No hace falta dinero, lo que importa es la Palabra

El templo de Jerusalén tenía dinero (Jesús le llamó cueva/banco de bandidos); también el Vaticano tiene algún dinero… Y tiene mucho dinero el sistema del Capital‒Empresa‒Mercado que dirige nuestro mundo. Ante el “sistema” de dinero sigue postrado el paralítico mendigo, mientras van y vienen los “grandes” por la Puerta de Oro.

-- El sistema de Capital-Mercado es control de dinero y organización burocrática de la economía y necesita planificación. Así, en lenguaje popular, podemos afirmar que es leyes y papeles con dinero (y con soldados a su disposición). Lógicamente, ha de tener burocracia especializada, gestora de los procesos de producción y distribución de bienes y del movimiento de los agentes productivos y consumidores, conforme a unas leyes precisas, dentro de un orden social informatizado.

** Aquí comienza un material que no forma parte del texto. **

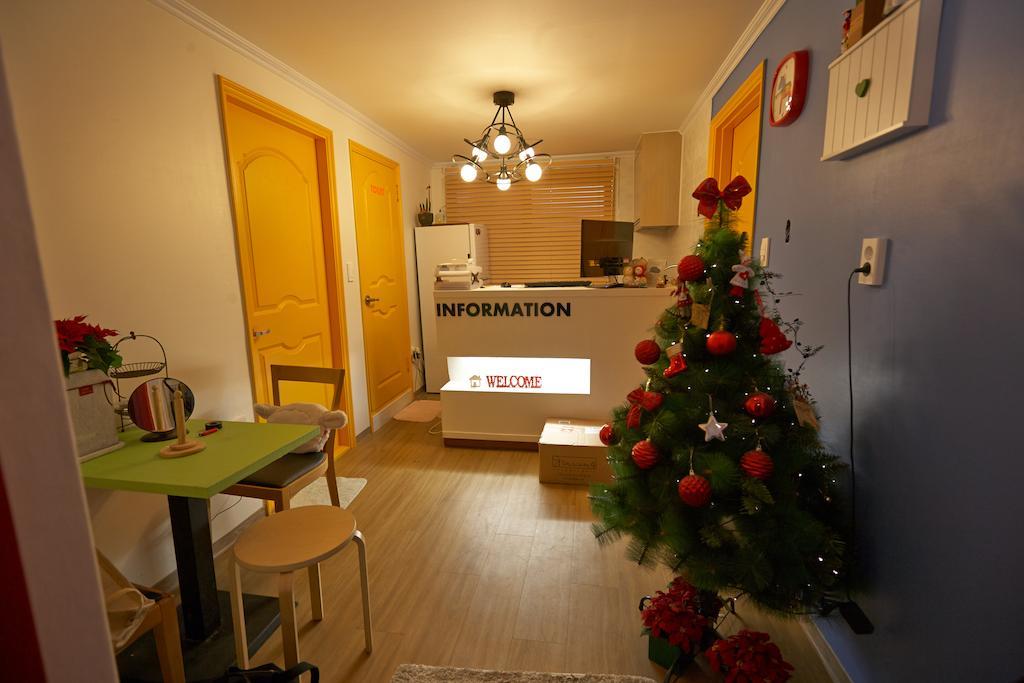 Moon Hostel Seul Esterno foto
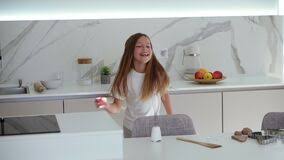 Listen to music from menina dançando. Linda E Feliz Menina Dancando Na Cozinha Moderna Se Divertindo Fazendo Movimentos Engracados De Danca Cabelo Longo Garota Sorrid Filme Video De Inocencia Femea 170939104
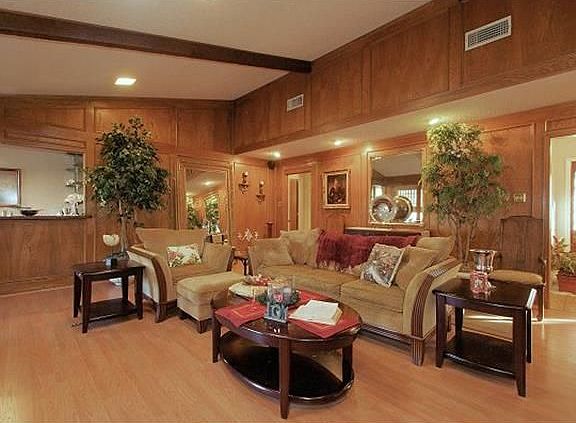 5th image of 751 Forest Ln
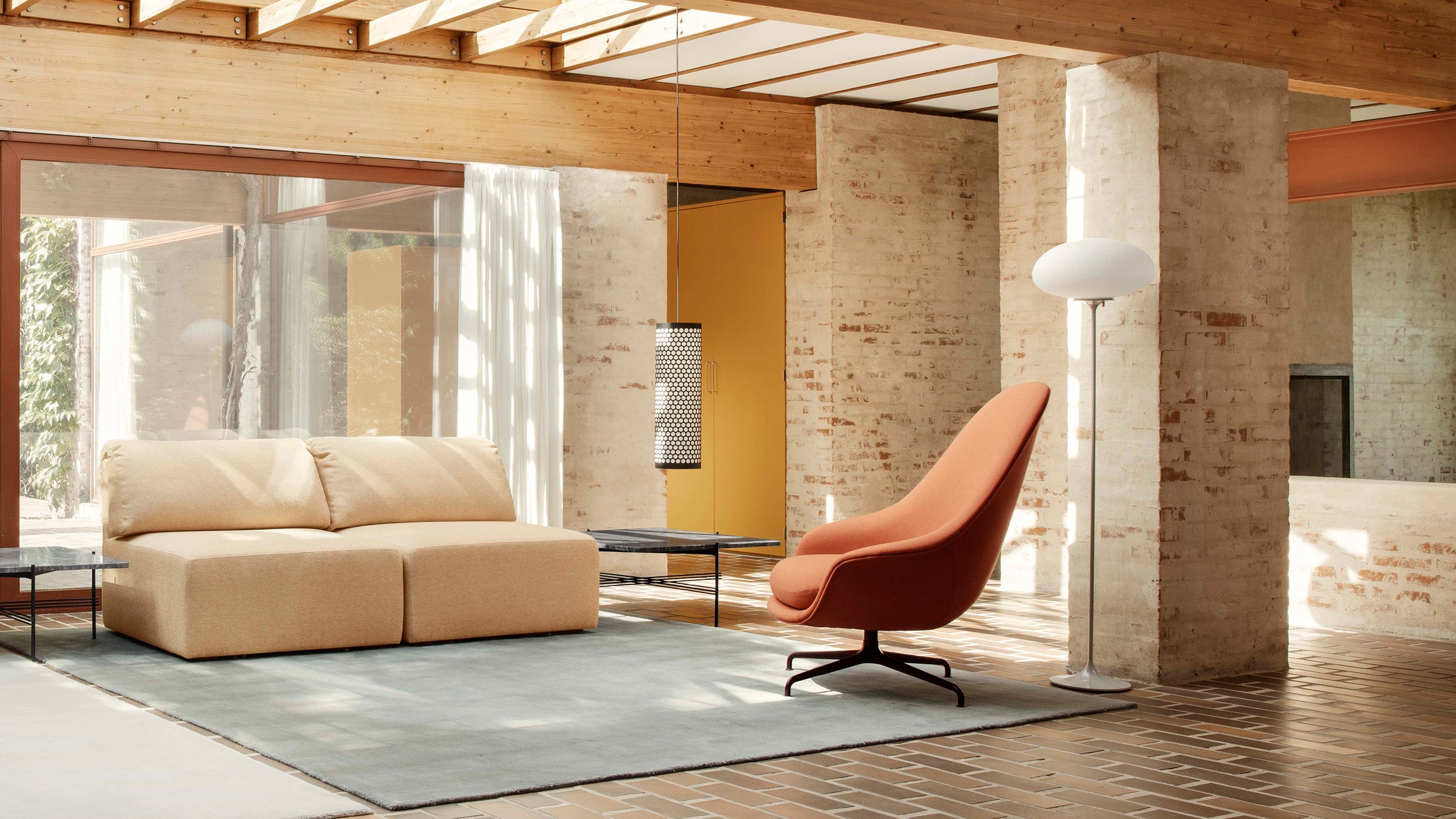 Desktop / Stemlite Floor Lamp, designed by Bill Curry for Gubi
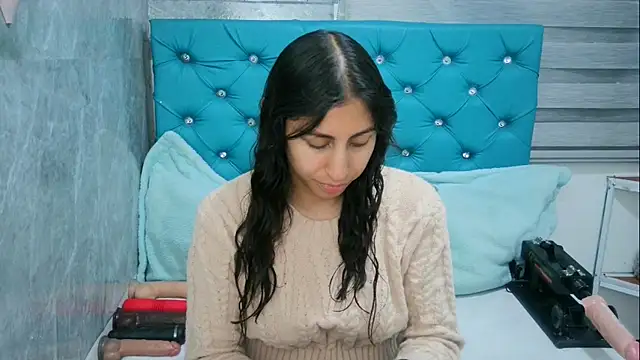 MAARYMOON online show from 14, 3, 2025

Vivimos en un mundo de absoluta burocracia y dinero, medido por una administración racional que sólo funciona en la medida en que se encuentra programado y documentado en los sistemas informáticos. El capital base del sistema no son productos alimenticios, ni armas u oro, ni tampoco recursos energéticos, sino los medios de comunicación: la red de información y contactos sociales que mantienen vinculados a todos los que "merecen" (o logran) vincularse por dinero… Pero todo el dinero del mundo no logra decir “levántate y anda”, de forma que los paralíticos‒mendigos siguen postrados ante la Puerta de Oro.

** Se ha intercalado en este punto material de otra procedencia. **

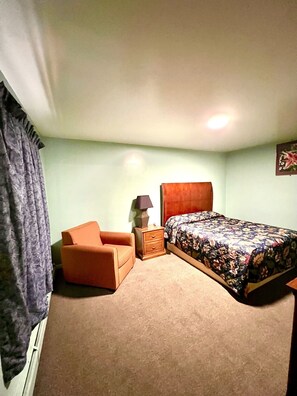 Standard Single Room, 1 Bedroom | Free WiFi, bed sheets - Your Motel (Ypsilanti)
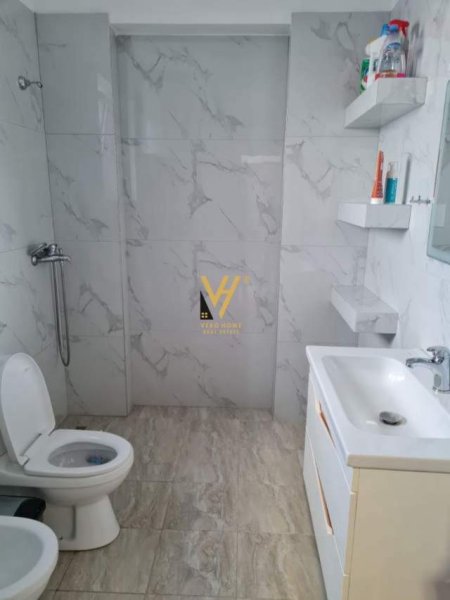 Tirane, jepet me qera apartament 2+1 Kati 2, 120 m² 1.200 Euro (BLLOKU)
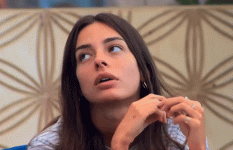 דיאן משחקת בשיער.gif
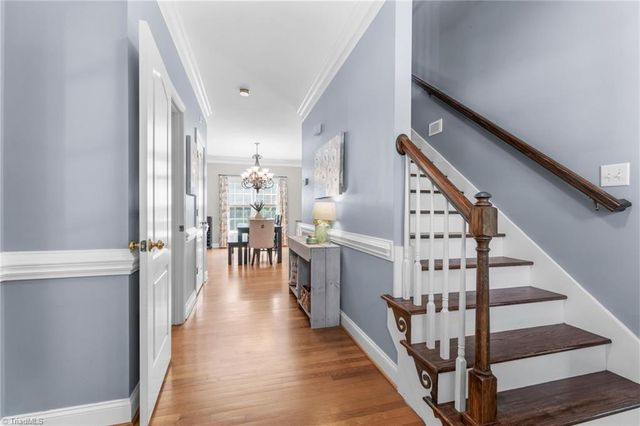220 Lake Dale Court, Clemmons, NC 27012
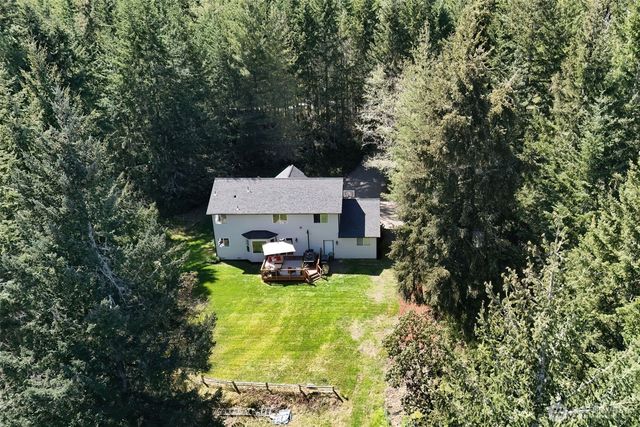 3414 NW Wild Ridge Lane, Bremerton, WA 98312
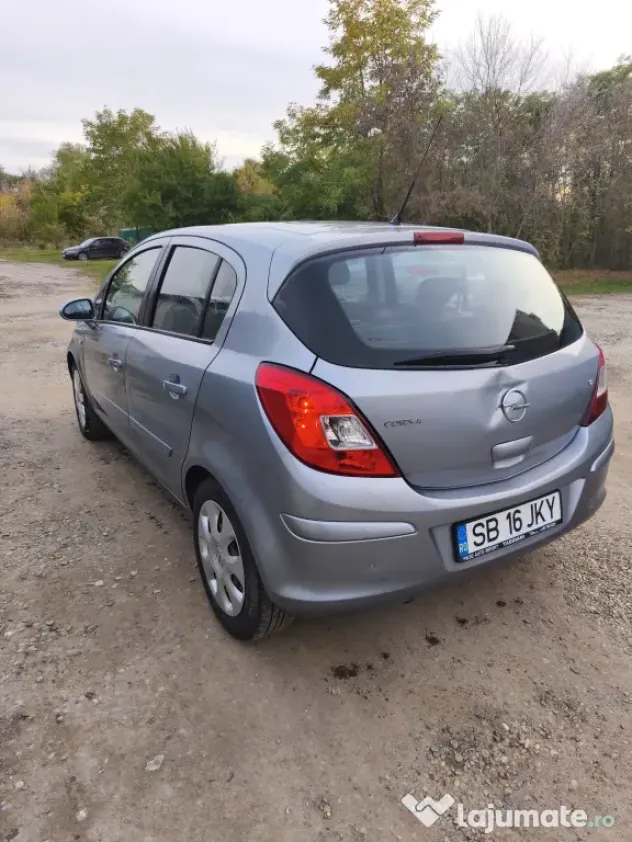 Opel Corsa D 2008 1.2benzina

 --La iglesia no es control burocrático y dinero, sino gratuidad y encuentro personal; la iglesia es Palabra, sin dinero, y sólo así puede decir como Pedro al paralítico: Levántate y anda.  Por eso, en principio, ella no necesita documentación legal, sino comunión en perdón y encuentro de corazones, conforme a unos textos ya evocados (Mc 2, 1-12; Jn 8, 1-11). De manera consecuente, en muchos siglos, ella ha vivido sin más papeles que los vinculados a la memoria de Jesús (Biblia), sin necesidad de archivos ni justificantes, sin necesidad de dinero, pero con Palabra.

  Pero después, como heredera del imperio romano, cierta Iglesia ha creado la primera administración racional de occidente, con archivos de bautismo y matrimonio, nombramientos ministeriales y una chancillería y burocracia ejemplar al servicio de su propio sistema. Así ha cumplido una función de suplencia en una sociedad donde apenas había burocracia. Y eso se paga, y necesita personal propio bien preparado (clérigos) y por tanto dinero.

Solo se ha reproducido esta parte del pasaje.